MAKASSAR, SULSEL – Badan Pusat Statistik (BPS) Sulawesi Selatan (Sulsel) melaporkan bahwa nilai ekspor provinsi ini mengalami penurunan signifikan sebesar 20,94% selama lima bulan pertama tahun 2025 dibandingkan periode yang sama tahun lalu.

Kepala BPS Sulsel, Aryanto, mengungkapkan bahwa total nilai ekspor dari Januari hingga Mei 2025 hanya mencapai US$636,65 juta. Penurunan paling mencolok terjadi pada komoditas nikel, yang merupakan unggulan Sulsel, dengan nilai ekspor menyusut hingga US$56,07 juta atau setara dengan 13,97%.

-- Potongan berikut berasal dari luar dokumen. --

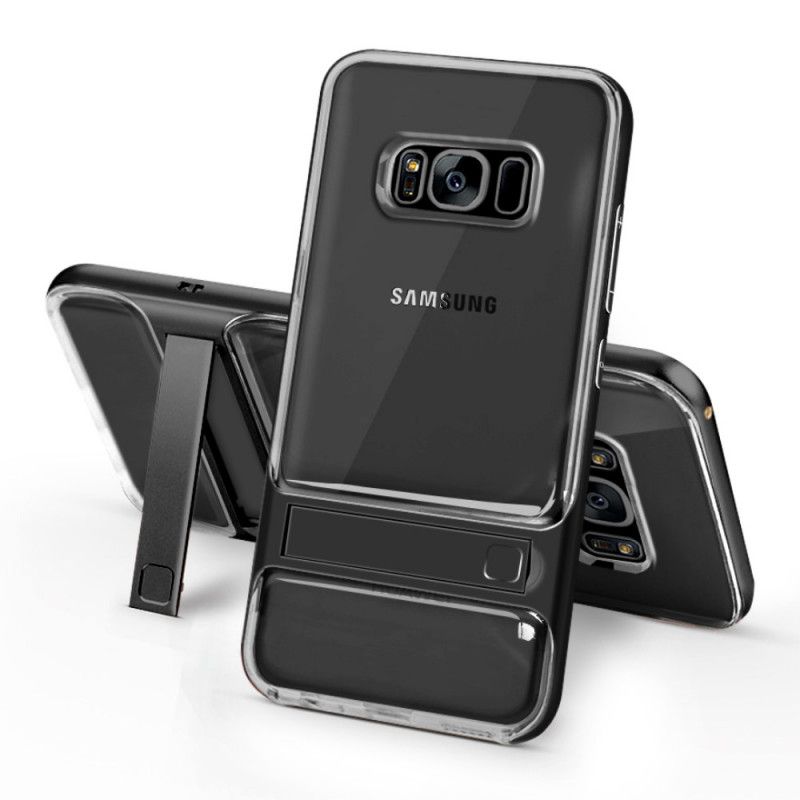 Hoesje voor Samsung Galaxy S8 Donkerblauw Zwart Elegantie Ondersteunende Tong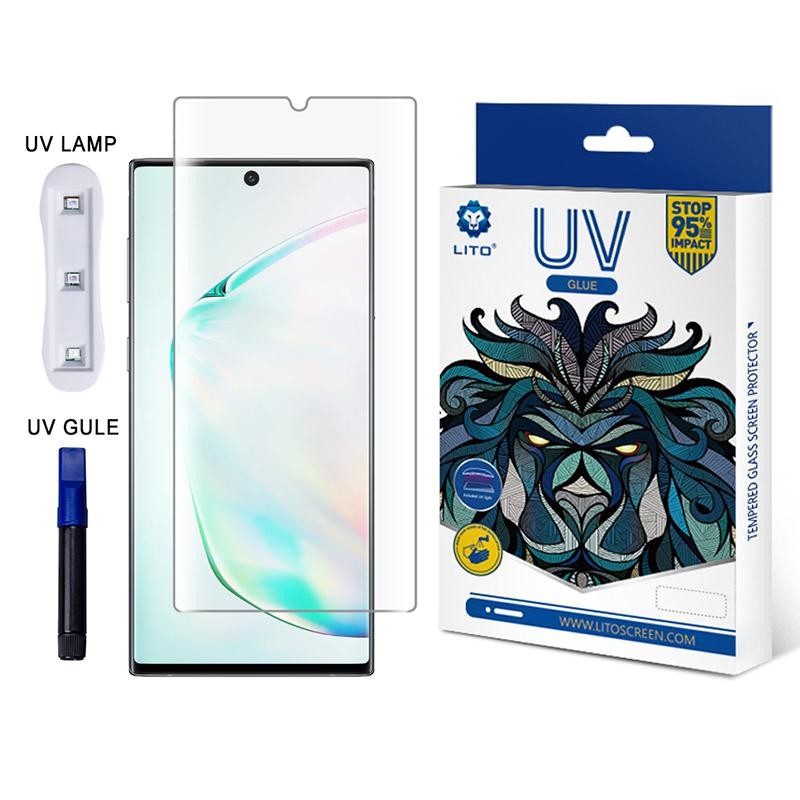 Samsung S8 Plus Lito UV Liquid Glue 3D Üvegfólia - Átlátszó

“Nikel selama ini menyumbang porsi dominan dalam struktur ekspor Sulsel. Oleh karena itu, guncangan pada sektor ini memberikan dampak signifikan terhadap total nilai ekspor,” jelas Aryanto.

Pada bulan Mei 2025, nilai ekspor Sulsel tercatat hanya US$129,37 juta, turun 21,75% dibandingkan Mei tahun lalu.

Namun, di tengah penurunan tersebut, ada kabar baik. Komoditas garam, belerang, dan kapur menunjukkan kinerja positif dengan lonjakan nilai ekspor sebesar US$8,89 juta, meningkat 50,33% dibandingkan Januari–Mei 2024.

“Meskipun kontribusinya masih minor, pertumbuhan pada komoditas ini menunjukkan peluang diversifikasi ekspor yang perlu dioptimalkan,” tambah Aryanto.

Di sisi lain, kondisi impor juga mengalami pelemahan. Total nilai impor barang yang dibongkar di pelabuhan Sulsel pada Mei 2025 tercatat sebesar US$59,06 juta, anjlok 44,83 persen dibandingkan Mei tahun lalu yang mencapai US$107,06 juta.

Aryanto menyebutkan bahwa tren penurunan impor ini mengindikasikan kemungkinan melambatnya aktivitas industri manufaktur di Sulsel.

“Penurunan impor barang modal dan bahan baku seperti mesin dan bahan bakar mencerminkan kehati-hatian pelaku industri terhadap kondisi ekonomi yang belum sepenuhnya stabil. Penguatan sektor hilirisasi dan pembukaan pasar ekspor non-tradisional sangat penting untuk mendorong daya saing komoditas Sulsel,” ungkapnya.

Pengamat ekonomi dari Unismuh Makassar, Abdul Muttalib, menilai kondisi ini sebagai alarm serius terkait kegagalan struktur ekspor Sulsel. Ia menekankan bahwa penurunan ini bukan sekadar angka, melainkan cerminan ketergantungan jangka panjang pada komoditas mentah, terutama nikel.

“Ketika harga atau permintaan global terganggu, kita langsung terpukul,” tegasnya.

Muttalib juga mengkritik Sulsel yang gagal membangun sistem hilirisasi yang kuat. “Kita mengekspor bahan mentah, tetapi mengimpor barang olahan atau alat berat. Ini adalah pola lama yang tidak berkelanjutan,” tambahnya.

Ia menyoroti penurunan impor mesin dan bahan bakar sebagai sinyal bahwa aktivitas manufaktur dan industri dalam negeri sedang melambat. “Jika impor mesin dan bahan bakar turun, artinya pabrik tidak berproduksi, mesin tidak berjalan. Ini bisa memicu PHK dan menurunkan daya beli masyarakat,” pungkasnya.